# I need a friend like me.



## Raphael200 (Aug 18, 2012)

Here is the description(I don't think anyone will fit it,but i can at least try):

I am looking for someone who is a big fan of military history,Pc games,fairy-tales,lending extra hands,learning martial arts,old military strategies,ancient warriors,famous detectives/doctors/scientists/generals,meditation,mythology,psychology,poetry,animals,fantasy-art,improving one's physical and mental strength,epic music from movies.

A person who thinks he/she has some kind of extraordinary abilities.

Someone who thinks they r one of a kind,someone who feels like such an outcast,he/she considers him/herself to be "in-human".

A friend who knows he/she is the only one that understands him/herself.


----------



## mesmerize (Oct 19, 2012)

Smiling Tiger said:


> Here is the description(I don't think anyone will fit it,but i can at least try):
> 
> I am looking for someone who is a big fan of military history,Pc games,fairy-tales,lending extra hands,learning martial arts,old military strategies,ancient warriors,famous detectives/doctors/scientists/generals,meditation,mythology,psychology,poetry,animals,fantasy-art,improving one's physical and mental strength,epic music from movies.
> 
> ...


I think i know the person....not me but a friend of mine is just like that


----------



## bitoqueen (Feb 18, 2011)

Does being friendless count and liking traditional folk music count?

I'm not a big fan of military history although I am a big fan of revolutionary history (French Revolution, American Revolution etc) and I like Fantasyesque type genres.


----------



## enfield (Sep 4, 2010)

that is a tall order. what about someone who has some of those things and is personality-wise compatible with you (i can think of a few people from sas who may fit those reduced expectations). 

1. the first candidate i have selected for this prestigious honor - to be your friend - is dragongirl. she likes fantasy stuff a lot (A LOT), animals for sure, and maybe pc games (i think so i but i forget). i know she would be delighted to lend a pair of extra hands, and she is certainly 1 of a kind (and thinks so too). 

2. next up is fruitcake. while maybe less personality-wise compatible, she may have the distinct advantage of fulfilling some of your more exotic criteria. ancient warriors? famous detectives, doctors and scientists? mythology, psychology, poetry, animals, fantasy-art, and self-improvement? she would be interested in all of that (and more). does she possess extraordinary abilities? without question. is she 1 of a kind? undoubtedly. does she consider herself to be a human? no (just look at her three-eyed cat avatar).


----------



## millenniumman75 (Feb 4, 2005)

Go for a friend, period.

"A friend like me" is like perfectionistic thinking.
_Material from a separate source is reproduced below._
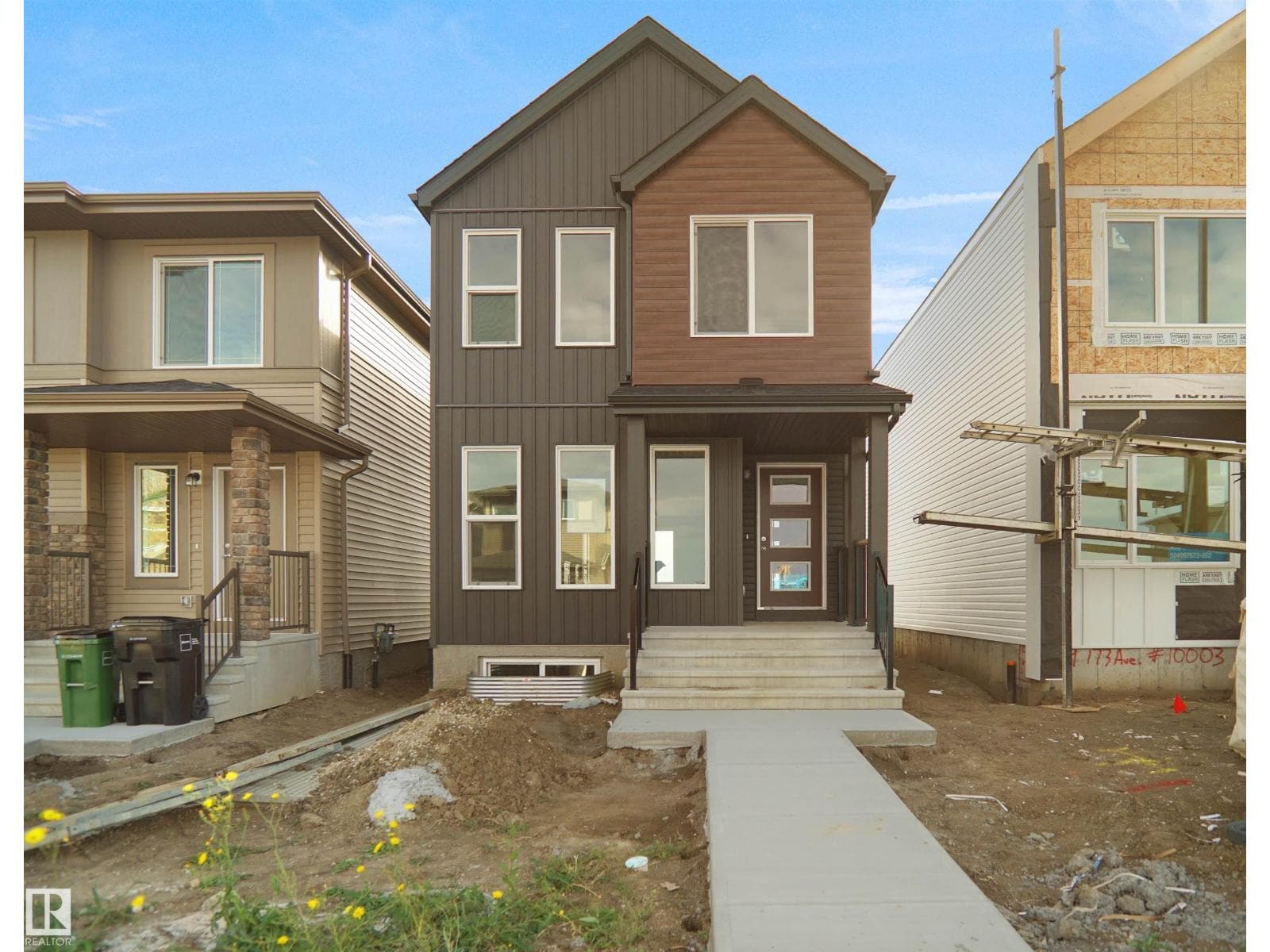 3 bed 3 bath single family at 21035 25 AV NW — $453,576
Life isn't perfect.


----------



## enfield (Sep 4, 2010)

i admire his specificity. he knows what he wants, what would work. and i see people that seem similar to him all over the place in small numbers. like, unusually nice and friendly people (and apparently unusually fascinated people too - he has a lot of interests). kids like that exist. so he can find friends like that. true there's maybe a shortage of people that would be compatible with him, but the shortage isn't severe, they aren't threatened with extinction - not yet - so i am not sure there is necessarily harm in setting the bar so high. it depends on the person.


----------



## St3ph3n (Mar 6, 2013)

The thing about friends is that they dont need to be like you...
They can have other interests and you can share your differences with each other
send me a PM


----------



## Raphael200 (Aug 18, 2012)

I Guess I couldve made it more simple and left out the details.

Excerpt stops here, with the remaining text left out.